Ведь боги не внимают молитвам мертвых.

Может, потому после гибели и потухают глаза бога. Для небес не имеют значения желания тех, кто больше не способен идти к их исполнению. И это логично, наверное; так и должно быть, наверное — но при взгляде на Жильбера, такого настоящего — вот он, только руку протяни, — одна лишь мысль о том, что его мечты канут в лету вместе с ним, рвала сердце Виолы на тысячу кусков. Потому, с компанией или без нее, она была готова сделать то, о чем он просит.

Она знала, что их отдых на ветви дерева не продлится долго, и порожденный аномалией фантом вот-вот развеется — что энергии артерий земли хватит ровно на столько: на то, чтобы они немного поговорили и повторили старое воспоминание. Этого было отчаянно мало — но за возможность притвориться, что она вновь оказалось в беззаботном прошлом, когда они ходили на прогулки, стоило лишь освободиться после института, Виола все равно была бесконечно благодарна.


***

— Все хорошо?

Только что вошедшая в дом и тут же безжалостно выдернутая из размышлений, Виола моргнула, чтобы вернуть себе чувство реальности, и посмотрела на Габриэль.

— Да… спасибо тебе.

Сестра безразлично пожала плечами.

— Не мне, а Жан Полю.

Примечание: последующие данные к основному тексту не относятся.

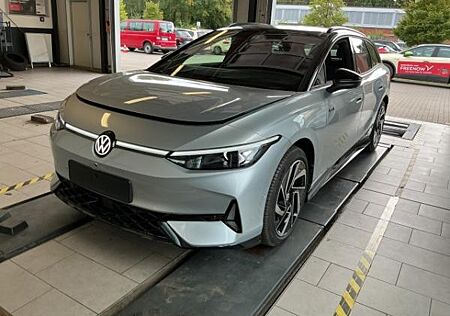 VW ID.7 Volkswagen Tourer 4Motion AHK Navi Panorama Wärmepumpe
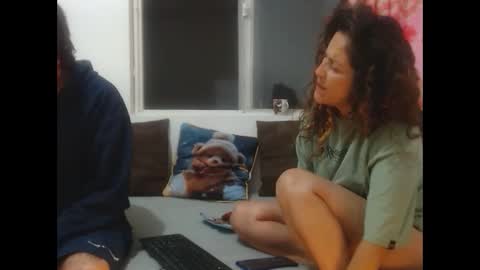 Snapshot of jeans_and_emma chatting on September 16, 2025, 12:11 am jeans_and_emma online show from September 16, 2025, 12:11 am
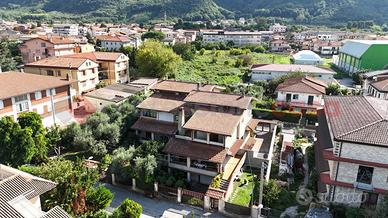 Villetta quadrifamiliare Cervinara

Это он смог распознать пик аномалии, не я. И даже так — шансы обнаружить там то, что ты искала, были ничтожно малы. Чистая удача.

— Все равно. Ты ведь мне сказала.

— Хоть и была против этого, — сухо ответила Габи. — Тебе это вредно, как мне кажется.

— Как знать, — Виола в ответ горько усмехнулась, снимая пиджак, — я не жалею, что пошла.

Габриэль смотрела на нее нечитаемым взглядом, скрестив руки на груди — сложно было сказать, что она чувствует и что думает о ситуации, потому что почти в любых обстоятельствах она выглядела настолько бесстрастно, насколько возможно. Но когда Виола уже направлялась в свою комнату, размеренный голос разрезал тишину.

— Надеюсь, настанет день, и ни о чем другом ты тоже не будешь жалеть.

Виола выдавила слабую, но благодарную улыбку; лицо ее выглядело устало.

— Не поверишь, но он сказал то же самое.